Ed Price %BloggerTitle%

NEW YORK -- Their backs are up against the wall.

They have to win Sunday.

This is it. Must-win. Do or die.

Not just the Angels. But the Yankees, too.

Asked Friday before the Yankees worked out which team faces the most pressure in Game 6, catcher Jorge Posada said, "Both teams."

He's right.

Sure, the Yankees have a 3-2 lead in the ALCS. But there are a couple of reasons they need to close out the series in Game 6.

• Reason No. 1: Don't let it get to a seventh game, because then anything can happen.

Sixteen times in baseball history, a team that led a best-of-7 series 3-1 dropped the next two, forcing a deciding game.

In 11 of those 16 series, the team that trailed 3-1 and won Games 5 and 6 also won Game 7 -- including eight of the past 10 times.

In other words, just five times the team that led 3-1 hung on to win the series after having to go to Game 7.

So while momentum, as baseball people say, is tomorrow's starting pitcher, history shows that failing to land the knockout blow twice results in a comeback more than two-thirds of the time.

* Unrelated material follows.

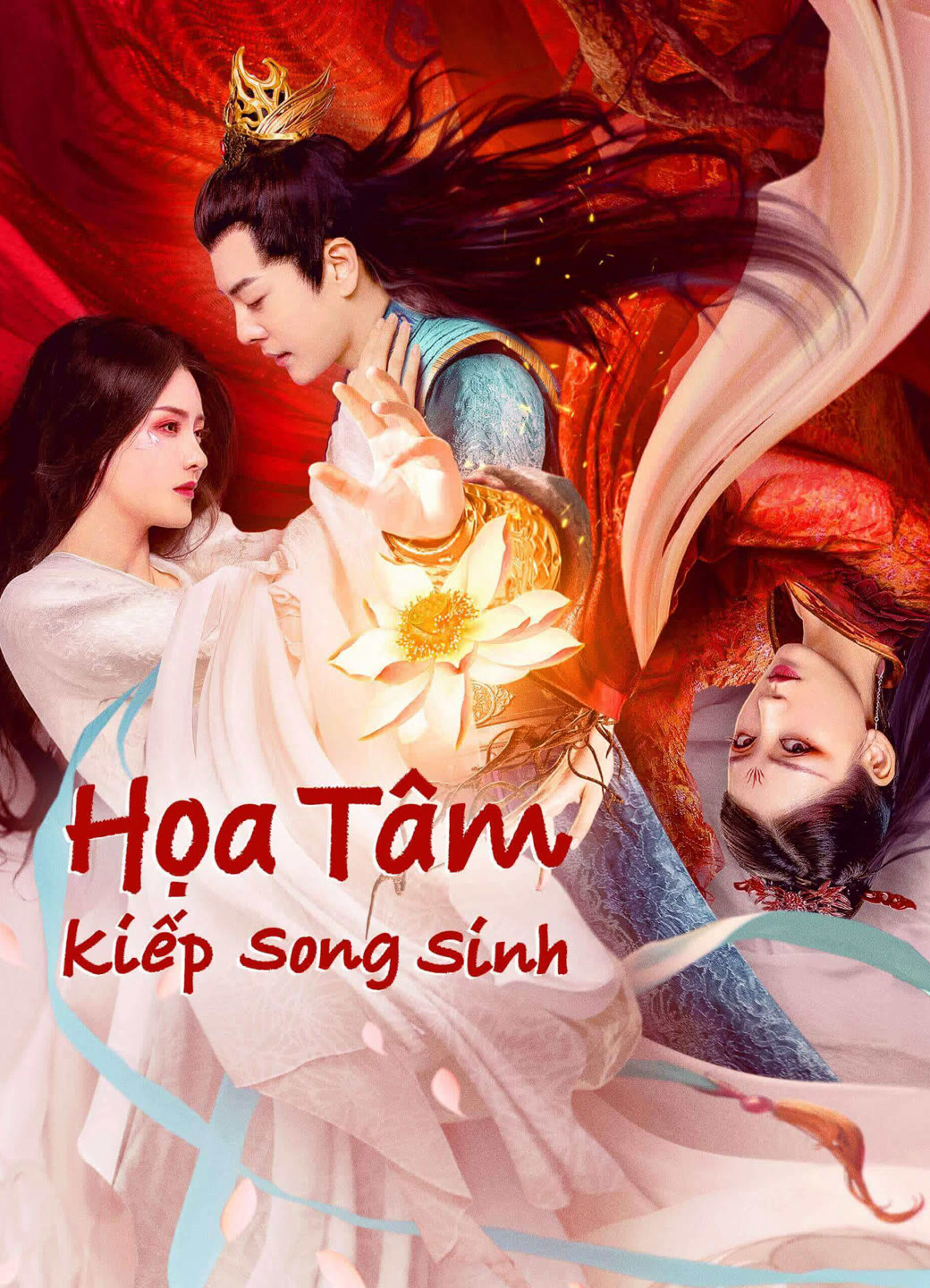 Xem Phim Họa Tâm: Song Sinh Kiếp (Painted Heart: Twin Tribulations)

"There's momentum you can carry, there's confidence you can carry as you win some good games against good teams, " Angels manager Mike Scioscia said, "and we're going to definitely have to carry that into Game 6. You still have a challenge in front of you, it's not just momentum that's going to carry you through. We have to continue to play well and do a lot of the things in Game 6 as we did in Game 5."

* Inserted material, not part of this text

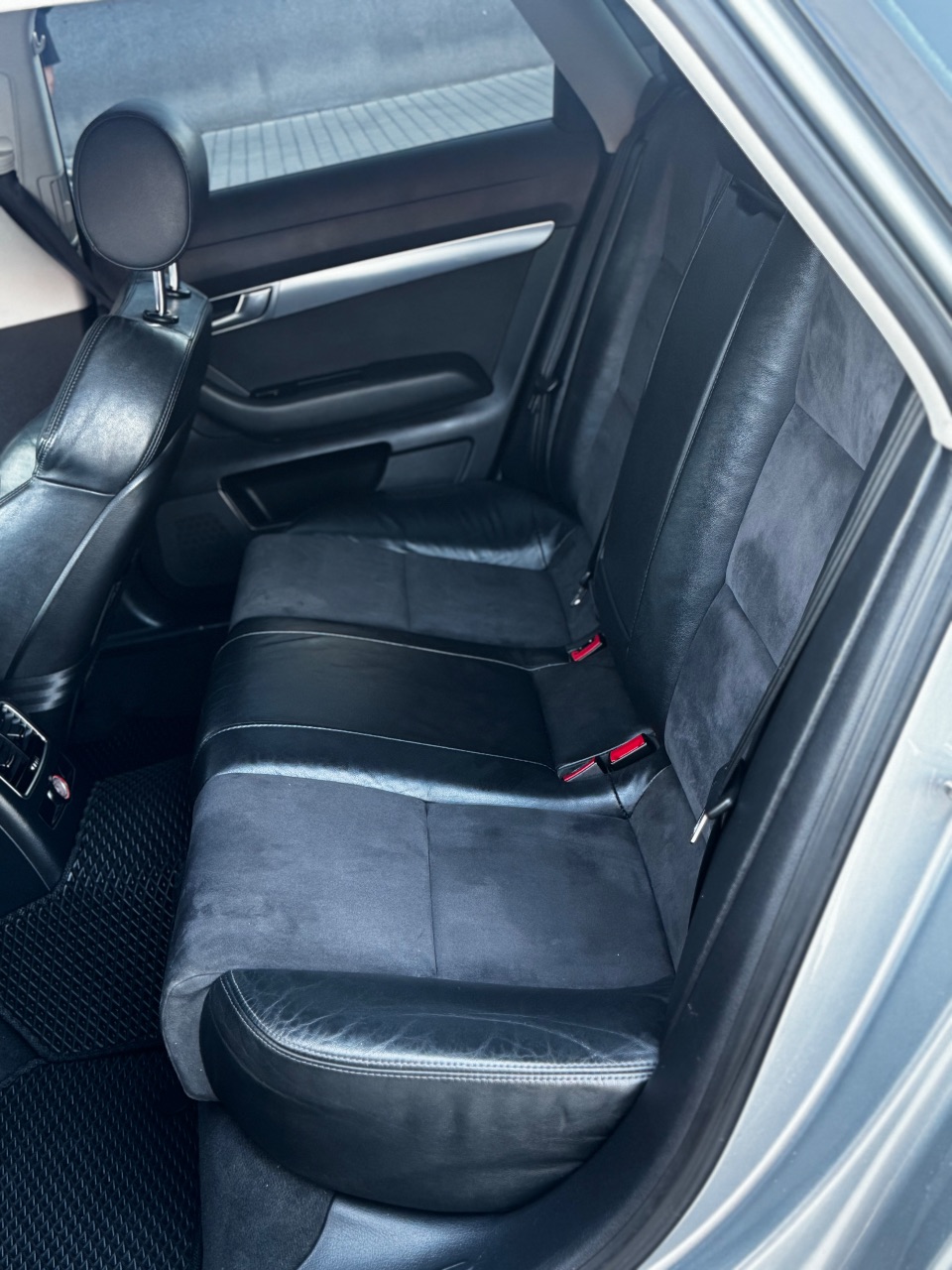 Audi A6 - фото 17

• Reason No. 2: Saving CC.

The Yankees' goal isn't just to get to the World Series, it's to win the World Series. And if they need to use CC Sabathia in Game 7 of the ALCS, he can't start Games 1, 4, and 7 of the World Series.

As mentioned by Sports Illustrated's Tom Verducci, the Yankees' World Series rotation looks quite different if it takes them seven games to get past the Angels.

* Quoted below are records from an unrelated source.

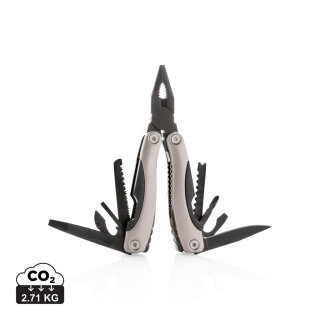 Hartgriff Multitool Farbe: schwarz, grau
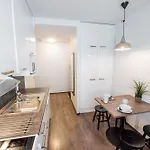 Forenom Serviced Apartments Helsinki Lapinlahdenkatu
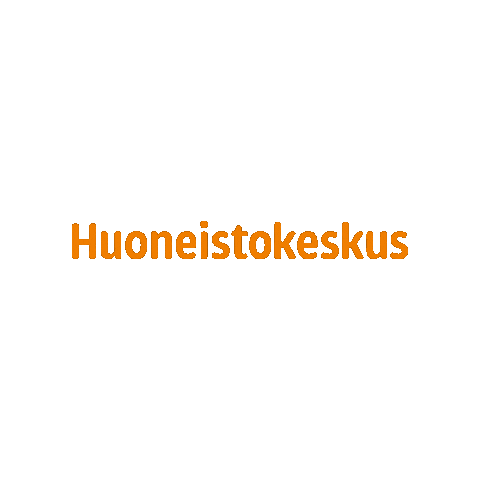 Kiinteistönvälitys Sticker by Huoneistokeskus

Here's how the Yankees can line up their rotation if they clinch Sunday:

Game 1 Sabathia
Game 2 Burnett
Game 3 Pettitte
Game 4 Sabathia*
Game 5 Gaudin
Game 6 Burnett
Game 7 Sabathia*
* = short rest

But if they need seven games to get past the Angels, their choices go something like this:

Plan 1
Plan 2
Game 1 Burnett
Burnett
Game 2 Sabathia*
Sabathia*
Game 3 Pettitte
Pettitte
Game 4 Burnett*
Gaudin
Game 5 Sabathia*
Burnett
Game 6 Pettitte*
Sabathia
Game 7 Burnett*
Pettitte
* = short rest

So burning Sabathia in Game 7 of the ALCS would force the Yankees to go to fourth starter Chad Gaudin earlier or use starters on short rest way too much.

Thus it would behoove the Yankees to approach Game 6 as if they were already at Game 7, rather than feeling they are in the driver's seat.

That starts with manager Joe Girardi.

Even if his players don't play with a sense of utmost urgency, Girardi can manage with it.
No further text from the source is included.